Take the line that contains "a bedroom with furniture and a window" as the start and the last line of the entries as the end, and print both and everything between them exactly, without the pictures.

# # # # #

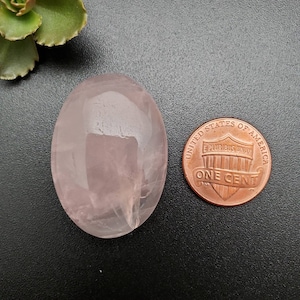 Peut inclure: Une pierre de quartz rose ovale de couleur rose pâle à côté d'une pièce de monnaie américaine d'un cent. La pièce est datée de 1982 et porte l'inscription "United States of America, E Pluribus Unum, One Cent".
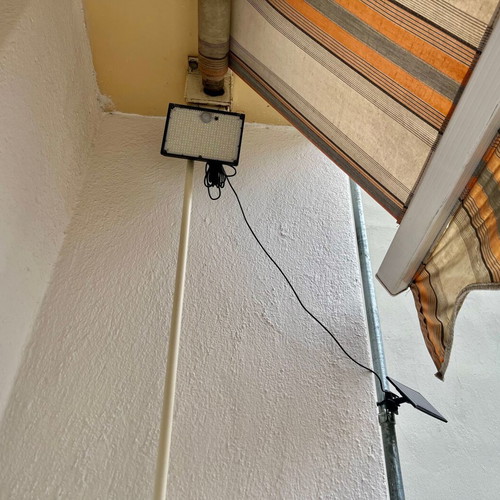 Solar LED Floodlight with Remote Control and Motion Sensor, New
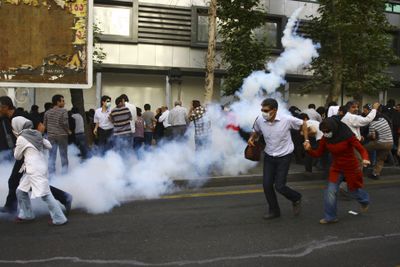 This photo taken by an individual not employed by the Associated Press  shows Iranian protesters running away from tear gas fired by security at  an opposition rally in Tehran, Iran, on Thursday.  (Associated Press / The Spokesman-Review)
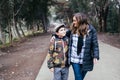 Young blonde mother walking and talking with her young son in a park road. Single parent family Royalty Free Stock Photo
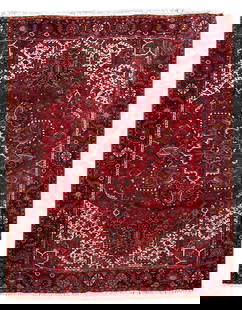Hand-Knotted 9.7 x 11.9 Red Persian Heriz Area Rug: Hand-Knotted 9.7 x 11.9 Red Persian Heriz Area Rug Transform your living space with this exquisite 9.7 x 11.9 Persian hand-knotted Heriz rug. Handcrafted by skilled artisans in Iran, it features tradi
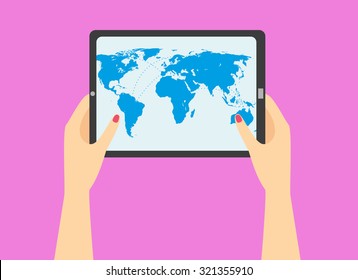 woman's hand holding a tablet with world map on the screen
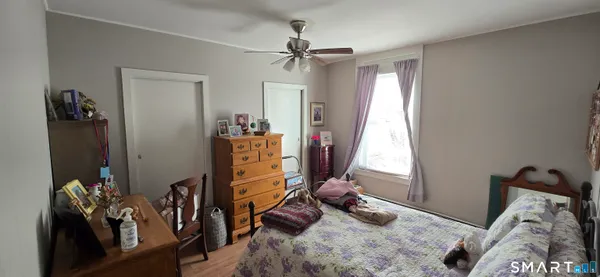 a bedroom with furniture and a window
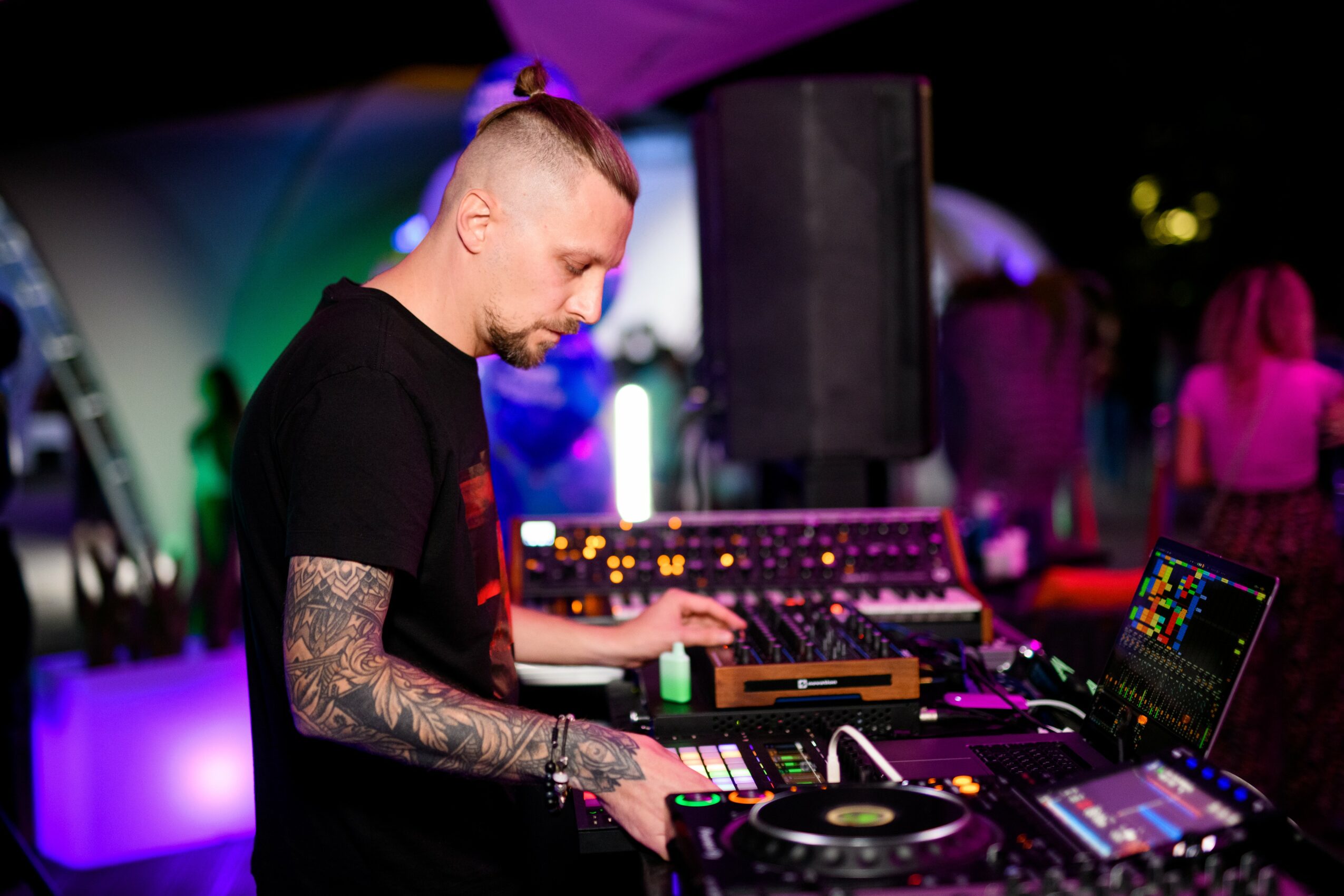DJ with tattoos on arms operating music equipment at an outdoor event at night.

# # # # #

RESPONSE BELOW –
 a bedroom with furniture and a window
DJ with tattoos on arms operating music equipment at an outdoor event at night.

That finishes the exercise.